Szenenstudium Marionette 3. Studienjahr HS Ernst-Busch-Puppenspiel 2020
“Es ist, es ist mein Ideal, Das große Wort, es heißt: sozial”, dichtete einst Friedrike Kempner.
Und so wandten sich jetzt auch zwei Marionetten-Szenenstudien sozialen Texten zu.
Das Ganze im Stream zu sehen, bequem von Zuhause. Aber eben per Webcam, meist in Total-Bildausschnitt und mit entsprechender Tonqualität. Da fällt die Beurteilung etwas schwer.
Soweit ich sehen konnte, waren die 8 Studenten des 3. Studienjahres mit Interesse bei der Sache und zeigten mit den Marionetten achtbare Qualität . Wobei es die Gruppe unter Prof. Menzel leichter hatte, sie spielte mit Stockmarionetten. Die gelegentlich – für mich nicht ganz nachvollziehbar, was aber wie gesagt auch an den Übertragungsmängeln liegen konnte – zu den heutzutage zu Tode gequälten Tischpuppen umfunktioniert wurden. Als Marionette mußten auch mal die anderen Studenten zugreifen und die Armfäden ziehen. Sollten die Studenten nicht auch technisch schwierigere Aktionen bewältigen lernen? Aber vielleicht handelte es sich auch um bewußte Regieeinfälle.
Ablenkende Spielergesichter – bei gewählter offener Spielweise – zählen als traditionelles Dauerproblem bei Ernst-Busch-Puppe wohl schon zum nichtmateriellen Kulturerbe.
Im Stück LAKOMA- von Oliver Bukowskigehts um die sozialen Verwerfungen in der vom Ende des Kohleabbaus geprägten ostdeutschen Lausitz in den 90ern, also in für heutige Studenten historischer Zeit.
Die Fademarionetten-Gruppe unter Tilla Kratochwil zeigte Bier für Frauen- von Felicia Zeller. Vier Frauen auf einem Kinderspielplatz reden miteinander. Habe ich richtig gesehen, daß die Marionetten technologisch nicht ganz optimal waren? Jedenfalls gabs immer mal Momente von Augsburger Puppenkisten-Gewackel.
Die Stücke waren also sehr realitätsbezogen, das verdient Lob.

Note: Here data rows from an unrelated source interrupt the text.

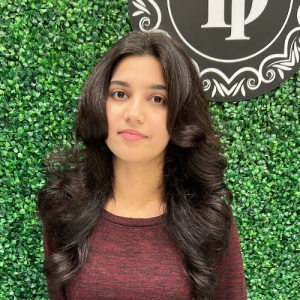 Shreya Pandey-Freelancer in Ambikapur,India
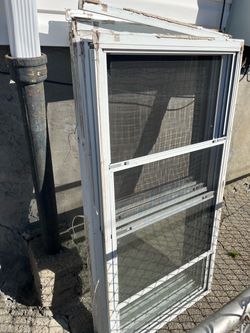 Free windows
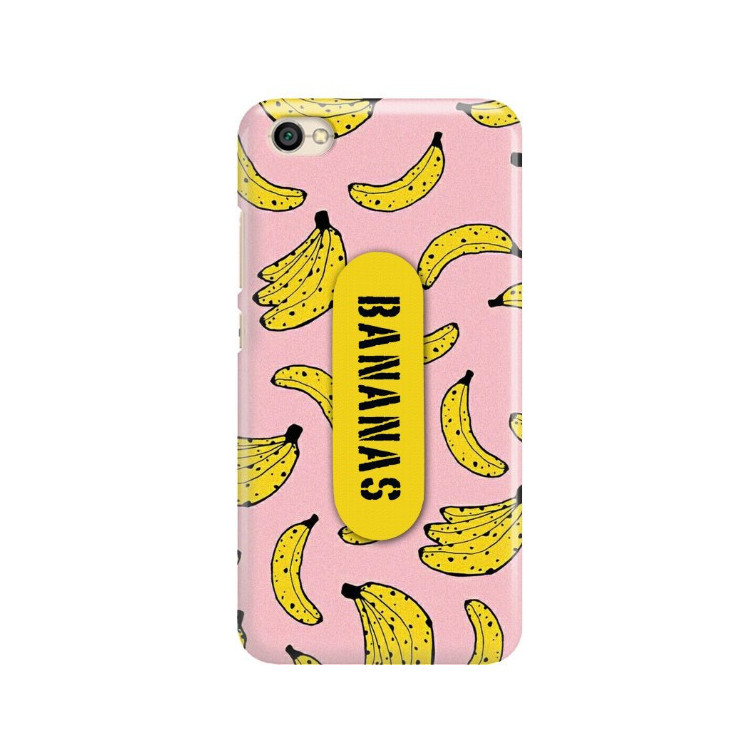ETUI MULTIBAND NA TELEFON XIAOMI REDMI NOTE 5A ST_CUB-103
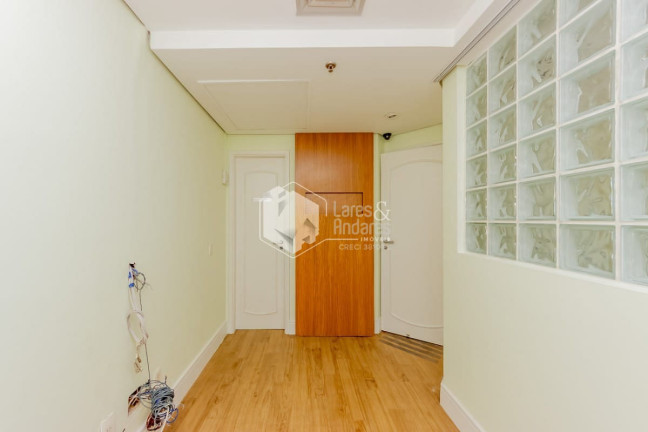 Imagem Sala Comercial à Venda, 56 m² em Consolação - São Paulo Imagem Sala Comercial à Venda, 56 m² em Consolação - São Paulo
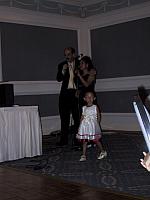 pic044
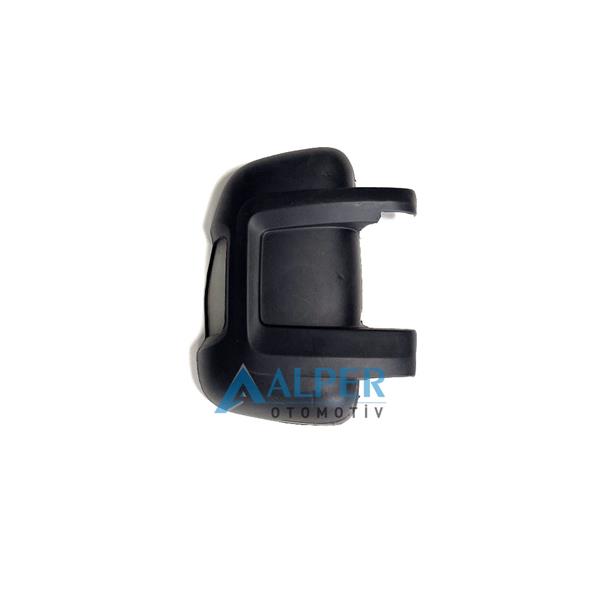 Ayna Kapağı Sağ Ducato Iıı-boxer Iıı-jumper Iıı - 735424438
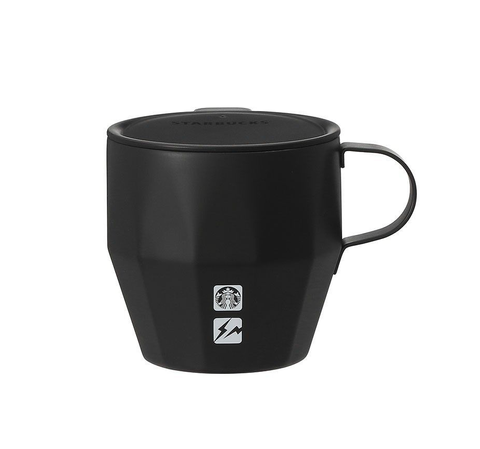 截圖 2024-10-31 下午2.32.00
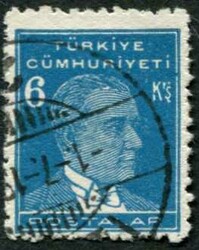 6335: Czechoslovakia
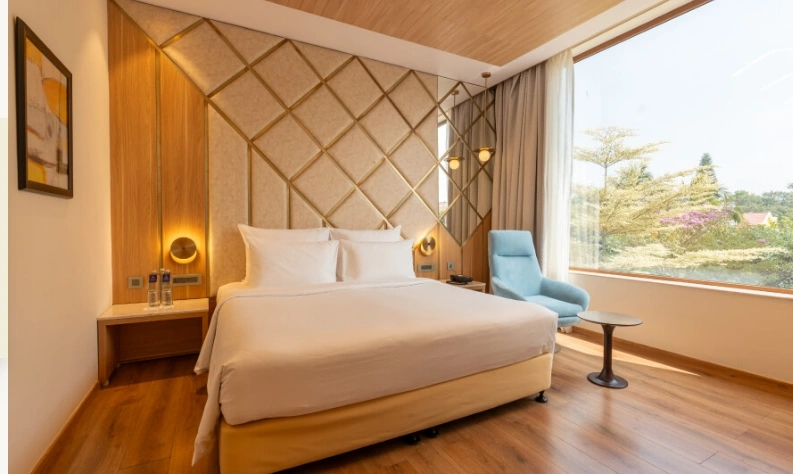 Screenshot_19-10-2024_12160_www.clarks-exotica.com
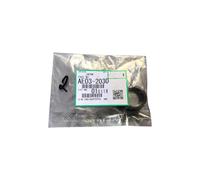 RICOH AE03-2030 SPARE PART - 160000 PAGES | PER AFFICIO MP C3000C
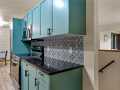 Colfax Residential Real Estate
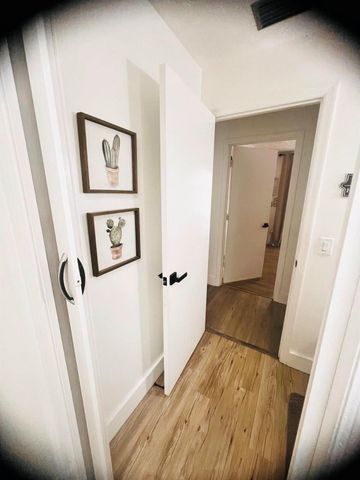 3290 SW Island Way, Palm City, FL 34990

Ob es aber pädagogisch sinnvoll ist, wenn sich die Studenten an ca. 40-minütigen Texten abarbeiten müssen? Oder wirkt da immer noch die alte Ernst-Busch-Manie, jedes Szenenstudium zur “Inszenierung” aufzublasen? (Auch wenn hier das Marionetten-Metier von der Regie relativ wenig Richtung Schauspiel verlassen wurde wie üblich.) Ist es nicht sinnvoller, die Spieler über kürzere Strecken prägnantere Spiellösungen im Detail finden zu lassen? Besonders bei Tilla Kratochwil war trotz achtbarem Ergebnis ihre geringe eigene Puppenspielpraxis, gar mit Marionetten, zu spüren. Und bei beiden die Unsicherheit, wirklich geeignete Texte für Marionetten, besonders für Anfänger, zu finden. Texte, die genügend Umsetzung in gestischen Ausdruck provozieren, aber auch nicht zuviel Aktionismus verlangen, der diese Puppen überfordert.
Das zu spüren braucht wie gesagt Erfahrung. Hier kippte die soziale Konkretheit im Inhaltlichen ein wenig ins “gut Gemeinte”.
Hat die Hochschulabteilung vielleicht zu lange nicht genug auf nachkommenden, fachlich kompetenten Dozenten-Nachwuchs geachtet? Ich erinnere mich an die Situation in den Nuller Jahren unter endlich einem neuen Abteilungsleiter, wo man das hätte konsequent angehen können.
Immerhin wird weiter Marionette gelehrt, auch wenn in der Praxis zunehmend auf ganz wenige Puppentechniken reduziert wird. Und während die Schaubude seit 20 Jahren klare Signale setzt, daß die Puppen an Fäden zu den aussterbenden Arten gehört. Gerade wurde wieder ein entsprechendes Projekt gecancelt.